Together, these studies suggest that SSRIs might not improve functional outcomes across all patients with a stroke but might be useful in target subpopulations such as patients whose features are aligned with drug mechanisms of action. SSRIs might also be useful to improve mood and anxiety after stroke.
Dopamine is a monoaminergic catecholamine neurotransmitter important to key brain functions that include learning, plasticity, reward, motivation, and movement. Several smaller studies have suggested the potential to promote favorable brain plasticity.
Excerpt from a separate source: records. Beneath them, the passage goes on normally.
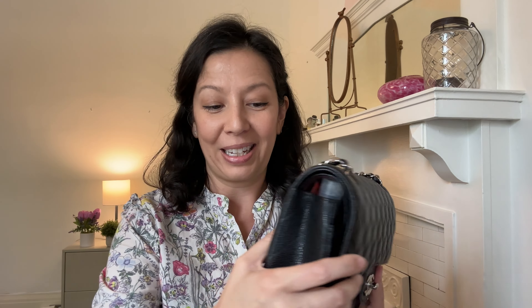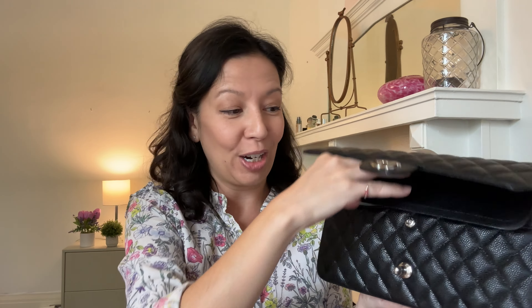This is my Chanel Classic Double Flap bag, size medium, in silver tone hardware — stuffed to the brim and very heavy right now. I'm going to show you what's in my bag. Even without anything in it, this bag is pretty weighty with its heavy shoulder chain. It's called the double flap because it has one flap and then a second flap, which isn't secured right now. When both flaps are closed, your capacity only goes to the inner flap.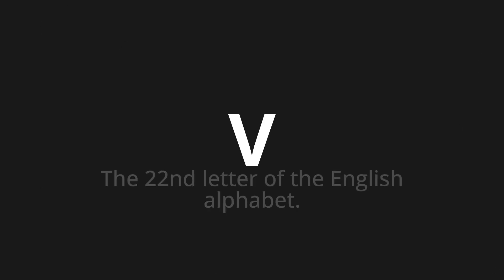Welcome to this pronunciation video. Today we will be focusing on a new word that you might find challenging or intriguing. So let's dive into today's word: V, which means the 22nd letter of the English alphabet.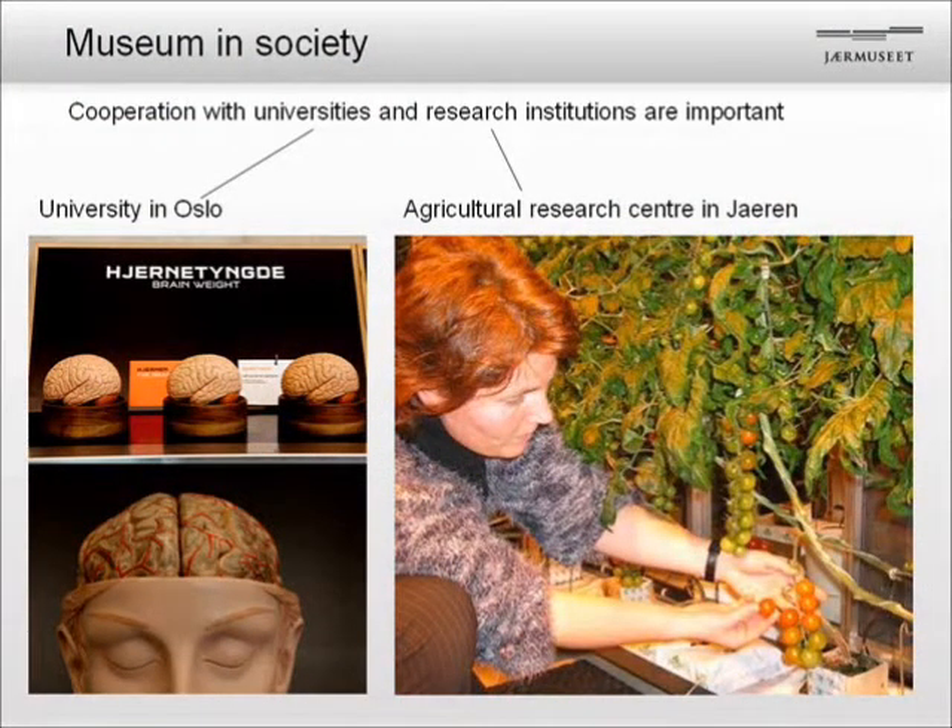We have a wide range of subjects and themes in our exhibitions, so we also have to work together with people who have special knowledge outside our institution. For instance, in the Science Factory we have an exhibition and some exhibits on the brain, and we had to work together with a professor at the University of Oslo to ensure what we are telling is correct. At the Science Farm we have a very close cooperation with research institutes in agriculture — we are growing tomatoes that are part of our exhibition.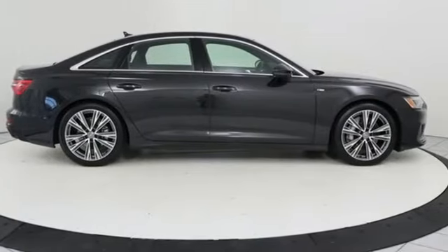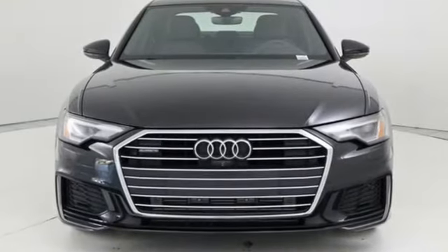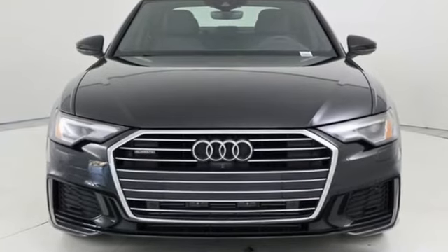Audi forges sophistication and performance into each iconic vehicle. Hurry in today and see it for yourself.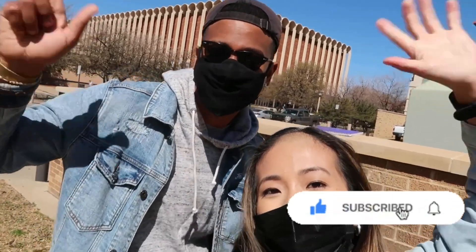It turns out a lot of you guys are a lot smarter than a fifth grader, and I guess that explains why you made it here to Tech — so congrats! Thank you Red Raiders so much for playing along with us today. We hope you enjoyed this video and we'll see you in the next one. Wreck 'em! Bye!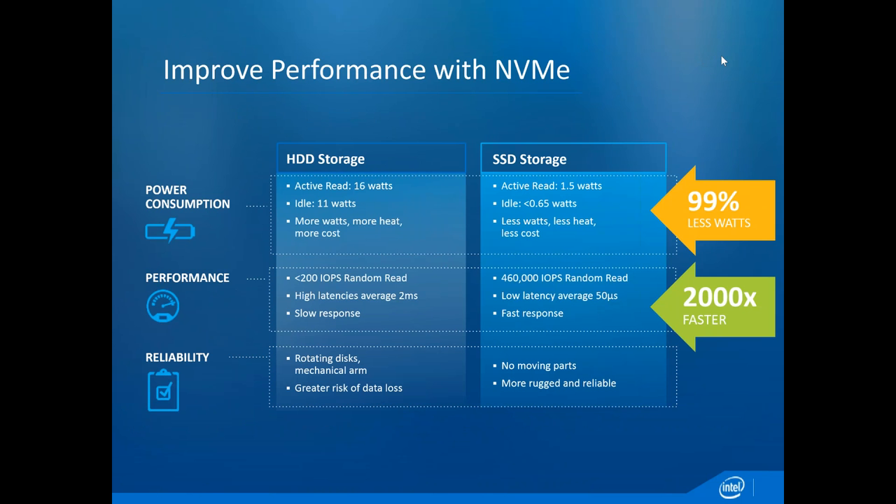One of the things Starwind is doing is that, in addition to products featuring SATA SSDs, they're going to begin supporting NVMe. NVMe is a storage technology that is really exciting because it takes the RAID controller or HBA card out of the equation and uses a much thinner protocol. Compared to traditional hard drives, SSD storage using NVMe uses less power, is ridiculously faster, has no moving parts, and is definitely rugged and reliable.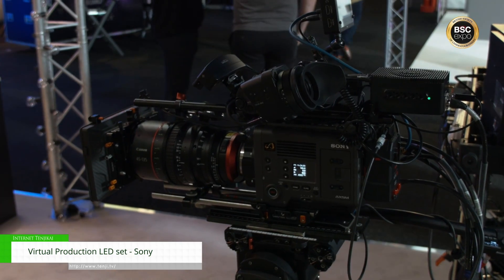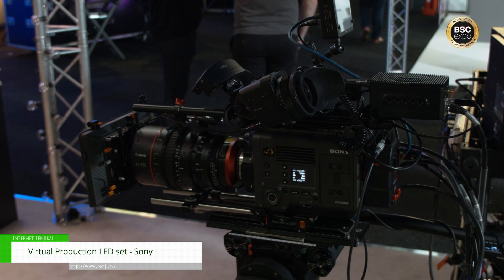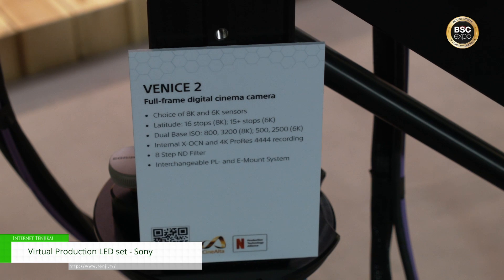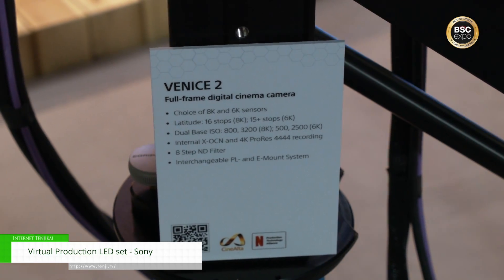Hi, my name is Will Newman. I'm here on the Sony set of BSC 2023 in Battersea, London. Right now I'm sitting on the virtual production LED set that we have. We have a Sony Crystal LED behind me here, which we are generating a game engine complete with tracking to allow for virtual production, which is the main thing people are talking about right now. It's really crucial because it allows you to be anywhere in the world, but in reality you could be in a studio just around the corner.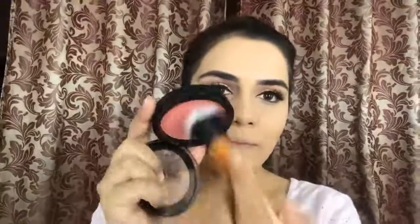I am using the Hoola Bronzer by Benefit — you can use any bronzer. I will not contour in this tutorial because I want to keep it soft, so I am using a bronzer for that slight contour effect on the nose.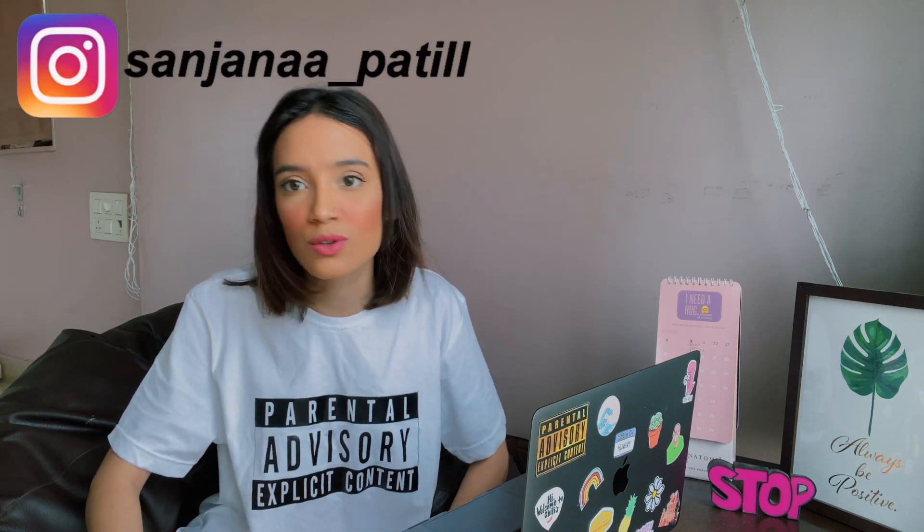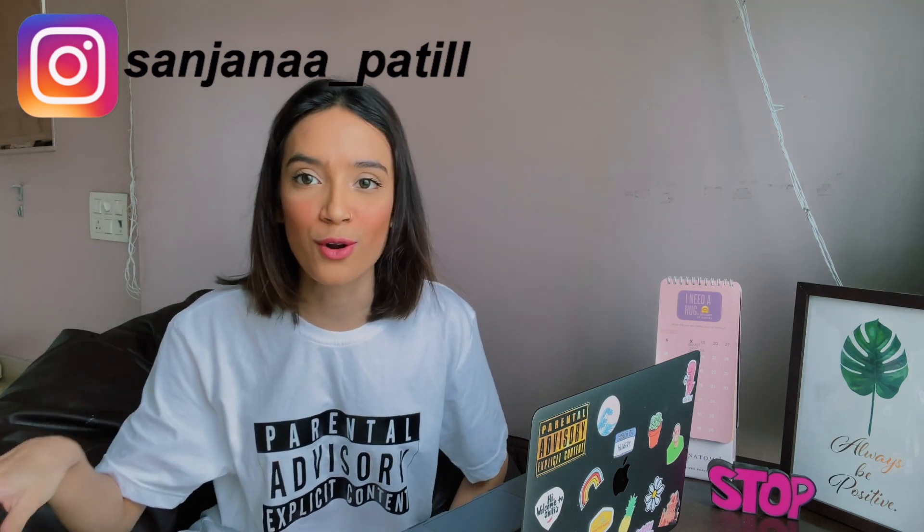If you haven't watched my PLT haul yet, I'll link it down below. Also, if you don't follow me on Instagram yet, I wear the clothes I've bought all the time, so make sure to follow me over there. Quick announcement: make sure to stay till the end of this video because there's an important announcement I'm going to be making.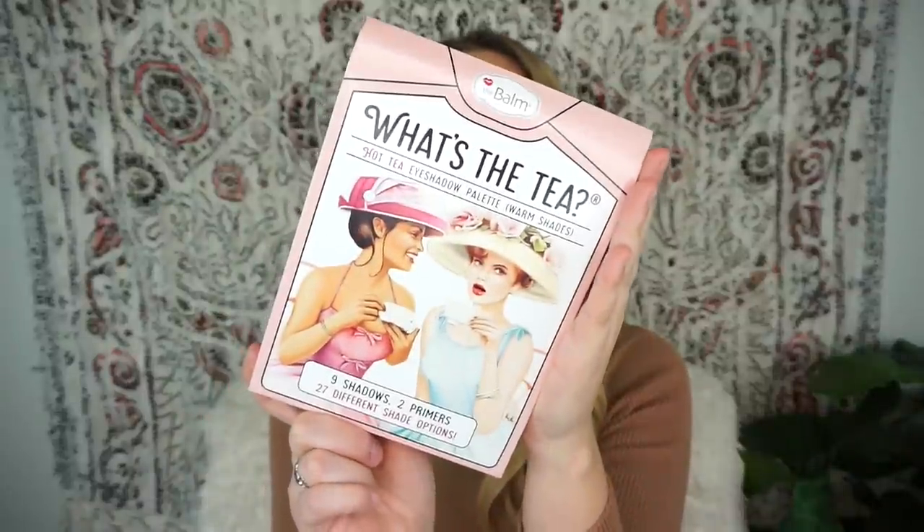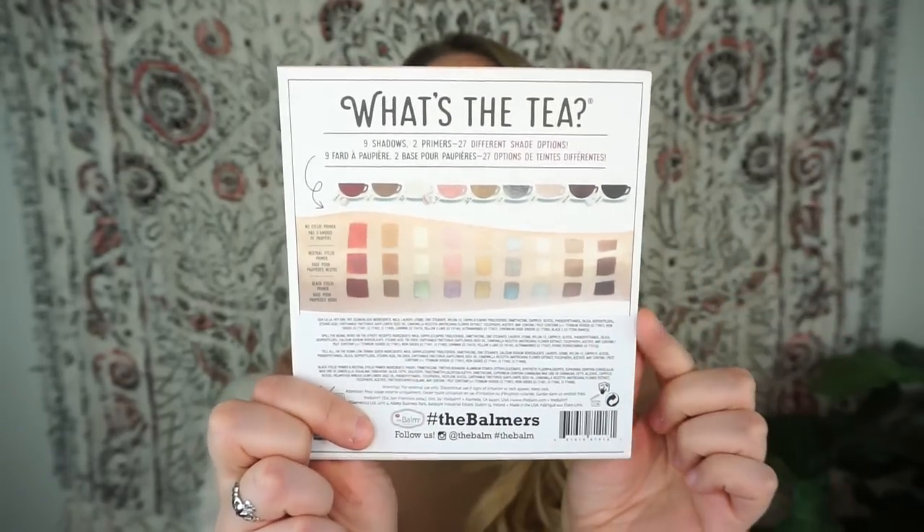I love their packaging — they always do really cute and unique things. This is the 'What's the Tea Hot Tea Eyeshadow Palette' with warm shades. It literally looks like tea — you have nine shadows, 27 swatches, and endless possibilities. There is an eyelid primer in the palette that can change the colors of the shadows. On the inside, they're all in the shape of tea, and you have a light primer, a neutral one, and a black one that can literally change the shades. They sent me double of the palettes, which was really sweet.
A double-blind, placebo-controlled study randomized 53 patients within 6 months of stroke onset to 3 weeks of daily l -Dopa (Sinemet) or placebo coupled with physiotherapy. The primary endpoint, improvement in trunk/leg and arm motor status by the Rivermead Motor Assessment 3 weeks after end of therapy, was significantly better in the Sinemet group.
In contrast, the DARS (Dopamine Augmented Rehabilitation in Stroke) trial was a multicenter, double-blind, placebo-controlled trial with some pragmatic design features that randomized 593 patients recruited 5–42 days post-stroke who could not walk independently to co-careldopa or placebo given prior to rehabilitation therapy. The study found no difference between groups in the primary endpoint, walking independently 8 weeks after randomization. This study had some pragmatic design features, and drug ingestion and rehabilitation therapy were not consistently provided per protocol. Pragmatic study design may be premature for the current stage of dopaminergic drug development.